La nascita di Cristo è descritta con grande semplicità, sia nel testo laico sia in quello religioso, perché essa è nel contempo espressione del patto ritrovato tra Dio e l’umanità, ma soprattutto del grande amore di un Dio che si fa uomo in una misera grotta e non già in un palazzo dorato di potenti o prepotenti per assurgere ad emblema, oltre che di fede, di giustizia sociale ed amore; Papa Francesco sottolinea che con la nascita di Gesù è nata una promessa nuova, è nato un mondo nuovo, ma anche un mondo che può essere “sempre rinnovato”.
Non è storicamente accertato che la data del Natale cada esattamente il 25 dicembre, le ipotesi suggeriscono una volutamente ricercata coincidenza con il pagano Dies Natalis Solis Invicti (Giorno di nascita del Sole Invitto), festa che veniva celebrata nel momento dell’anno in cui la durata del giorno si allunga dopo il solstizio d’inverno: la rinascita, appunto, del sole. Spesso la ritualità della tradizione cristiana si lega a quella popolare e contadina e, più in specifico in ambito italiano, a quella del mondo latino; in questo caso ai Saturnalia che si celebravano dalla fine di novembre sino al 23 dicembre in onore di Saturno che, cacciato dall’Olimpo, aveva posto la sua dimora nel Lazio dando inizio all’età dell’oro (aetas aurea).
La festa aveva un duplice valore: da una parte essa rappresentava una sorta di rovesciamento della realtà che sovvertiva i rapporti sociali in nome dell’eguaglianza e della fratellanza umana al punto che gli schiavi (servi) in quei giorni vivevano come e con i padroni (patroni) ed uno di loro veniva perfino nominato re (princeps Saturnalicius). Era inoltre consentito che il potere e le istituzioni venissero irrisi con atti e personaggi anche volgarmente irriverenti, aspetto questo che è ancora vivo in alcune maschere della tradizione popolare e che rende i Saturnalia più vicini al Carnevale. Seconda caratteristica della festività latina era lo scambio di doni: pietanze d’ogni genere, piccole statuette (sigilla o sigillaria) acquistate nei mercatini che si tenevano per le strade, candele a ricordare la luce del regno di Saturno.

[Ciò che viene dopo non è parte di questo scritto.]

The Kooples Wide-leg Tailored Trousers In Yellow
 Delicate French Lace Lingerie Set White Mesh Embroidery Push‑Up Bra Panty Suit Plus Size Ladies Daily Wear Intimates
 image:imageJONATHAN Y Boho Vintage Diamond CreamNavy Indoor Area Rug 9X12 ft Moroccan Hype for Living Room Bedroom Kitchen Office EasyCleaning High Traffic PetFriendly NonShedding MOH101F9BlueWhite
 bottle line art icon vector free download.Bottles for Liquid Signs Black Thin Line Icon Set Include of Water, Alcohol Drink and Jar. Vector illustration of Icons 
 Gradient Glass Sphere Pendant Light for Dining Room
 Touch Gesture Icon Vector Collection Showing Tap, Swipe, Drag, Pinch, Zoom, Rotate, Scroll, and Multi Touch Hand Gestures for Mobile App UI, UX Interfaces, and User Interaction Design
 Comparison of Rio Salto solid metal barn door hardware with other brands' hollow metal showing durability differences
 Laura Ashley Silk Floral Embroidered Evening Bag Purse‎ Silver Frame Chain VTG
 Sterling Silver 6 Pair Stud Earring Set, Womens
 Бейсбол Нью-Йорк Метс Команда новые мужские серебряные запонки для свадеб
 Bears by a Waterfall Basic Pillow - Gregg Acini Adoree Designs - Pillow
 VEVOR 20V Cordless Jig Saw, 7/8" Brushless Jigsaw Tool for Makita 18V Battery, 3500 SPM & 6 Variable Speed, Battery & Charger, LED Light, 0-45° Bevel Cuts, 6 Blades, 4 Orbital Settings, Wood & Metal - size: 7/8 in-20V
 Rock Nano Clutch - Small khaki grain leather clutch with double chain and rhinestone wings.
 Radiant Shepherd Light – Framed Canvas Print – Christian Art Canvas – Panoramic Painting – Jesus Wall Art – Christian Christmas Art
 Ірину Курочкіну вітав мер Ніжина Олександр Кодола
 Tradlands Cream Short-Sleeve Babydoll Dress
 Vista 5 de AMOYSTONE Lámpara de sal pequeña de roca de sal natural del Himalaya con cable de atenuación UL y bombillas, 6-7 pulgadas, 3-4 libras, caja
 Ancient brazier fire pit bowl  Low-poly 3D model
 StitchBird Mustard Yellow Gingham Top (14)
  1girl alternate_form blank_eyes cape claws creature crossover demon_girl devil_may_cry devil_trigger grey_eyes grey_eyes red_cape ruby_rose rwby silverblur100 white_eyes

Nelle settimane immediatamente successive, durante le Calende di Gennaio (i primi giorni del mese), era consuetudine scambiarsi le strenae (da qui l’espressione strenne natalizie) costituite da ramoscelli sacri di alloro o di olivo, fichi e miele; si onorava in questo modo la dea dei boschi Strenia e si formulavano gli auguri per il nuovo anno. Tutte queste tradizioni, in maniera più tangibile, sono ricollegabili allo scambio di doni ancora oggi presente nei rituali natalizi, proprio come i pastori che si recarono ad onorare il Bambinello con i loro umili manufatti ed i Re Magi che offrirono oro, incenso e mirra.
Nessun riferimento al valore cristiano del Natale, in quanto la similitudine va cercata esclusivamente nella ritualizzazione dell’atto del donare con cui, da sempre e in ogni consesso, si rinsaldano i rapporti che legano i gruppi e gli individui dello stesso ambiente e con cui si manifesta l’amore verso i congiunti. Andrebbe rivissuta, pertanto, forse in maniera diversa la cosiddetta corsa al regalo che ormai scandisce le giornate dell’Avvento. Il donare, il dare hanno alla base la reciprocità, l’affetto, la condivisione e la conoscenza dell’altro, nulla a che spartire con il luccichio della inutilità e della fantasmagorica vacuità della gran parte dei doni natalizi, spesso espressione solo di consumismo, di condizionamenti pubblicitari, di ostentazione di status ed in definitiva quasi privati di valore affettivo.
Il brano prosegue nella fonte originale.